The reviews of the so-called chaos chronicles, epitomized by Michael Wolff’s “true enough” Fire and Fury, explore a theme found in many Trump books: Steven Bannon’s view point. I’ve often thought what he succinctly captures in the line “the book has a ‘by Steven Bannon as told to Michael Wolff’ vibe.” There’s a certain level of professional self-awareness in his observation that you can easily convince journalists you’re the go-to intellectual by carrying around large books. All the rest of the original administration gang can be found here, too: the Generals, Sean Spicer, and James Comey, “the kind of writer who doesn’t just quote Shakespeare but quotes himself quoting Shakespeare.” Again, we encounter a rare case where he actually seems to have enjoyed two books, Unmaking the Presidency by Susan Hennessey and Benjamin Wittes and The Fifth Risk by Michael Lewis, both of which “get at the meaning and the consequences of the disorder the others detail.” The main takeaway is that if you focus too much on Trump, you lose track of some of the less in-your-face but serious problems of the administration, say “the astounding mix of arrogance and misjudgement displayed by Jared Kushner.”

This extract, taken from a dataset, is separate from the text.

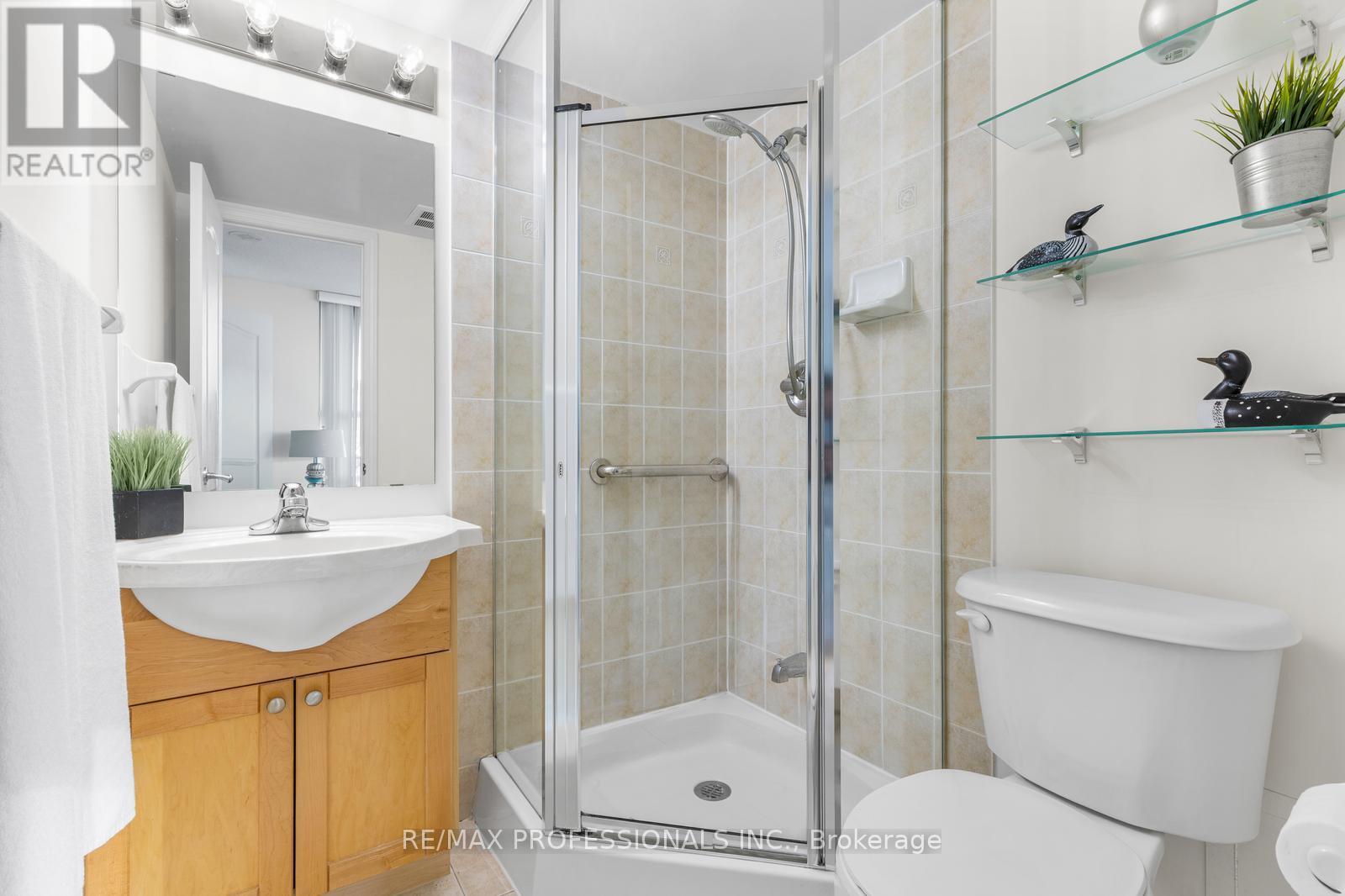 806 - 33 Elm Drive W, Mississauga, Ontario  L5B 4M2 - Photo 11 - W12629392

In the final chapter, covering the (are we being melodramatic or too flippant?) death of democracy, we run into all of the issues we’ve seen before: problems but no solutions, complicit republicans, voters making bad choices, progressives alienating people, historians trying to make people take a broader view, and chaos. But if the overarching problem of almost everything he read was that there were no actionable lessons, is that not also the problem with this book? After all, it does bill itself as an “intellectual history,” just like many of the books he’s criticizing.

Ultimately, I asked myself the same question I do at the end of any book review: do I want to read these books now? Well, not really, so I can appreciate this book for saving me quite a lot of time. Apparently books on the Trump era are almost as bad as the Trump era itself.